[[ RECORDS PROVIDED, beginning ]]
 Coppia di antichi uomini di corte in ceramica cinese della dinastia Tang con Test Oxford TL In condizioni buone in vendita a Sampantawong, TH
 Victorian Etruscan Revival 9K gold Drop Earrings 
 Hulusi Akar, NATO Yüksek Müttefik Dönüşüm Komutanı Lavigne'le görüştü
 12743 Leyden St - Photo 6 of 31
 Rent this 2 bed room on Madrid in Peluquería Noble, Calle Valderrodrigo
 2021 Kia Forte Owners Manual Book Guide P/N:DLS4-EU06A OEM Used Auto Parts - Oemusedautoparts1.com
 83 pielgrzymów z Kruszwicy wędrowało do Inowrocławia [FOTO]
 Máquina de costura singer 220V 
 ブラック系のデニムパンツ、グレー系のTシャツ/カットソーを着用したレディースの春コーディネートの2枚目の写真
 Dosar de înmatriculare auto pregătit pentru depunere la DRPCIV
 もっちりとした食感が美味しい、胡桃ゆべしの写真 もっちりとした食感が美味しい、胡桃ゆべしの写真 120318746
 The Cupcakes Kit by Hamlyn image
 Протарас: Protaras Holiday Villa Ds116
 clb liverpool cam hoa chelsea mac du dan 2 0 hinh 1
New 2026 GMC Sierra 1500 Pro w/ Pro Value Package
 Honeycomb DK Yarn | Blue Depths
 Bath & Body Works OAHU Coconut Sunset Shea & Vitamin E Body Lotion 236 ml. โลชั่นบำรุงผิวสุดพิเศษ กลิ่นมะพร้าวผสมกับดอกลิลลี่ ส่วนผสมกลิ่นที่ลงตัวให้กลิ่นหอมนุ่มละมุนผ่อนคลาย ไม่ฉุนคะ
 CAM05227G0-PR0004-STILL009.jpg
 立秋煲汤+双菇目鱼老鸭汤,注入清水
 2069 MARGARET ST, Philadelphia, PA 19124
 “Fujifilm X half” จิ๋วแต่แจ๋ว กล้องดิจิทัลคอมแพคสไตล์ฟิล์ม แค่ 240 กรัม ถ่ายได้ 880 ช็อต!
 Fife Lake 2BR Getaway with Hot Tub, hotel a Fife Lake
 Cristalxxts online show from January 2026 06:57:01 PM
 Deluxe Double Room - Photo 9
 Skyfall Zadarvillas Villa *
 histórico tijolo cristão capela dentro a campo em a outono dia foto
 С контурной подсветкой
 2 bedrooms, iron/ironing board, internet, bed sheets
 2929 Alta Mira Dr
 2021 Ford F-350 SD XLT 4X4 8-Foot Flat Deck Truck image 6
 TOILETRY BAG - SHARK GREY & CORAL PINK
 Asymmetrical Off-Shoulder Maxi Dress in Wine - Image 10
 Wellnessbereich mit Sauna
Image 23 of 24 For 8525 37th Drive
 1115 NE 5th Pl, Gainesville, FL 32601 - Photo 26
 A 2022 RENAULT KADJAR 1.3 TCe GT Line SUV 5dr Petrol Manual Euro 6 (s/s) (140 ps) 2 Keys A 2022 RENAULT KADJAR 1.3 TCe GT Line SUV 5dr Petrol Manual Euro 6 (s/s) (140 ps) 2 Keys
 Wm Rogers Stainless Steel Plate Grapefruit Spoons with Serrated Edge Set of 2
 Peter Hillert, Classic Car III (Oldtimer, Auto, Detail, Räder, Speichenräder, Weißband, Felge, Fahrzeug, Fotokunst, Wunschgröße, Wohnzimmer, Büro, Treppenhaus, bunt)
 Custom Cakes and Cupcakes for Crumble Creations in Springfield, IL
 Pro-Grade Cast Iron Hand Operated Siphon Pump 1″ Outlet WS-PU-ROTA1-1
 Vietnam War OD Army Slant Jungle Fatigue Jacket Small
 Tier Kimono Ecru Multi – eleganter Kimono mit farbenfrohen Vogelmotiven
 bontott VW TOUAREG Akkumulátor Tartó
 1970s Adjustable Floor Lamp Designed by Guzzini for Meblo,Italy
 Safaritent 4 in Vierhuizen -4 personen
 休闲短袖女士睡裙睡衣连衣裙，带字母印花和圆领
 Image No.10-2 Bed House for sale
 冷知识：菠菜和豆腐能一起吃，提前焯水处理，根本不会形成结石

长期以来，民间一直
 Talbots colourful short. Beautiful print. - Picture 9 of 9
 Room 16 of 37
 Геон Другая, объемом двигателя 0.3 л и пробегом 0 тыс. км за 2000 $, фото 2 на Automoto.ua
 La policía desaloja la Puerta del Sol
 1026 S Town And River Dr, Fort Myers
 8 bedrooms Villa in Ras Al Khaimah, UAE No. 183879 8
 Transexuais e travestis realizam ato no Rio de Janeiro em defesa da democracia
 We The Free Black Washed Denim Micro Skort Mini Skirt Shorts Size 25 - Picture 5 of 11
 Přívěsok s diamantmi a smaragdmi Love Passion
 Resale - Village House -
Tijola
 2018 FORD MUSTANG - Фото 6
[[ RECORDS PROVIDED, end ]]
Everything above from the line containing "TOILETRY BAG - SHARK GREY & CORAL PINK" through the line containing "Wm Rogers Stainless" must be copied exactly. Nothing outside that range belongs in the answer.

▶ _EXERCISE ANSWER_:
 TOILETRY BAG - SHARK GREY & CORAL PINK
 Asymmetrical Off-Shoulder Maxi Dress in Wine - Image 10
 Wellnessbereich mit Sauna
Image 23 of 24 For 8525 37th Drive
 1115 NE 5th Pl, Gainesville, FL 32601 - Photo 26
 A 2022 RENAULT KADJAR 1.3 TCe GT Line SUV 5dr Petrol Manual Euro 6 (s/s) (140 ps) 2 Keys A 2022 RENAULT KADJAR 1.3 TCe GT Line SUV 5dr Petrol Manual Euro 6 (s/s) (140 ps) 2 Keys
 Wm Rogers Stainless Steel Plate Grapefruit Spoons with Serrated Edge Set of 2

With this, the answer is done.